- **ABOUT THIS TASK**:
The material below contains a line with "CARPETA PLASTIFICADA CON" and a line with "Size 14-16 large boys - Picture 2 of 3". Copy exactly those two lines and all lines between them.

- **RECORDS SUPPLIED**:

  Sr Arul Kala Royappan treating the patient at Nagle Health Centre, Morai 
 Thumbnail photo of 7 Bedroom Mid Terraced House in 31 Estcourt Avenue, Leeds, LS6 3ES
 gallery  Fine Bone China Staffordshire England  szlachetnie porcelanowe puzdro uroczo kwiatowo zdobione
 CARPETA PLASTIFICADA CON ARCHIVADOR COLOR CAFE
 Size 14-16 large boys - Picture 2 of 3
--
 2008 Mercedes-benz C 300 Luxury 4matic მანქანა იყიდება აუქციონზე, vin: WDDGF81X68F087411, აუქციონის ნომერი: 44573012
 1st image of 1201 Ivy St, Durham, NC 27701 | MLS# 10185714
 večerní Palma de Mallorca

- **ANSWER TO THIS TASK**:
 CARPETA PLASTIFICADA CON ARCHIVADOR COLOR CAFE
 Size 14-16 large boys - Picture 2 of 3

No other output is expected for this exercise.